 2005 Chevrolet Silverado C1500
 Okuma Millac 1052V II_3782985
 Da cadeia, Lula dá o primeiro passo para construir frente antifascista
====================
__WHAT YOU SHOULD DO__:
Skip all lines ahead of the one containing "Okuma Millac 1052V II_3782985". Reproduce that line and the remainder of the listing above exactly.

__REPLY TO THE EXERCISE__:
 Okuma Millac 1052V II_3782985
 Da cadeia, Lula dá o primeiro passo para construir frente antifascista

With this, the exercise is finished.